Als im August 1914 die Mobilmachung begann, veränderte sich die Champagne innert Tagen. Reims und Épernay, Zentren der Champagnerproduktion, lagen plötzlich in Reichweite der Front. Während Männer in Uniformen verschwanden, blieben die Weinberge zurück – und mit ihnen die Frauen, die nun Aufgaben übernahmen, die zuvor fast ausschliesslich Männern vorbehalten gewesen waren.
Die Grundlagen dafür existierten längst. Seit dem 19. Jahrhundert hatten Frauen immer wieder Schlüsselrollen gespielt: Barbe-Nicole Clicquot-Ponsardin etwa, die nach dem Tod ihres Mannes 1805 das Haus Veuve Clicquot führte und 1816 die Remuage-Methode einführte; oder Jeanne Alexandrine Pommery, die die Entwicklung des Brut-Champagners förderte.

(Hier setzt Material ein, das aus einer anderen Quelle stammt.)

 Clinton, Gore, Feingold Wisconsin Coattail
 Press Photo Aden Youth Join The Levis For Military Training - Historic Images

Diese Tradition weiblicher Führung bildete den historischen Hintergrund für das, was im Ersten Weltkrieg zur Notwendigkeit wurde.
Zeitgenössische Berichte zeigen ein eindrückliches Bild dieser Umstellung. In Épernay etwa führte Jeanne Krug das Champagnerhaus weiter, während ihr Mann in deutscher Kriegsgefangenschaft war. In zahlreichen kleineren Betrieben übernahmen Ehefrauen und Töchter ohne formale Ausbildung die Kellerarbeit – eine Aufgabe, die körperlich anspruchsvoll war und ein präzises Verständnis der Gärprozesse verlangte. Dokumente aus dem Département Marne beschreiben Frauen, die unter tagelangem Beschuss Trauben lasen, weil ein Auslassen der Lese den Ruin bedeutet hätte.

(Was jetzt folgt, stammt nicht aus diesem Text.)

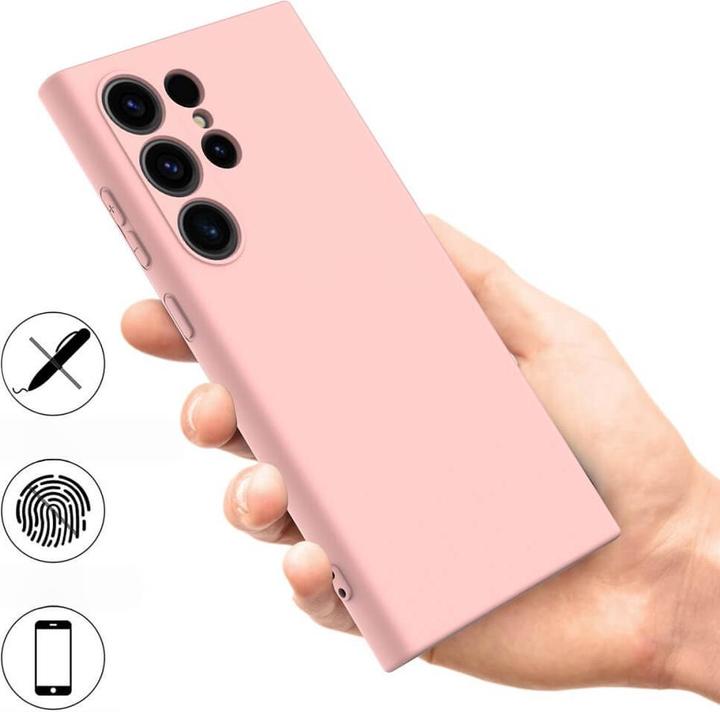Produktbild Cover-Discount Silikon Gummi Hülle rosa (Samsung Galaxy S24 Ultra)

Die Keller wurden in dieser Zeit zu Orten des Durchhaltens. Viele Frauen schliefen zwischen den Fässern, wenn Bombardierungen Reims und die umliegenden Dörfer erschütterten. Gleichzeitig setzten sie Produktion und Lagerung fort, um die wirtschaftliche Grundlage ihrer Häuser zu sichern. In manchen Betrieben wurden Flaschen nur nachts bewegt, um nicht Ziel von Artillerie zu werden.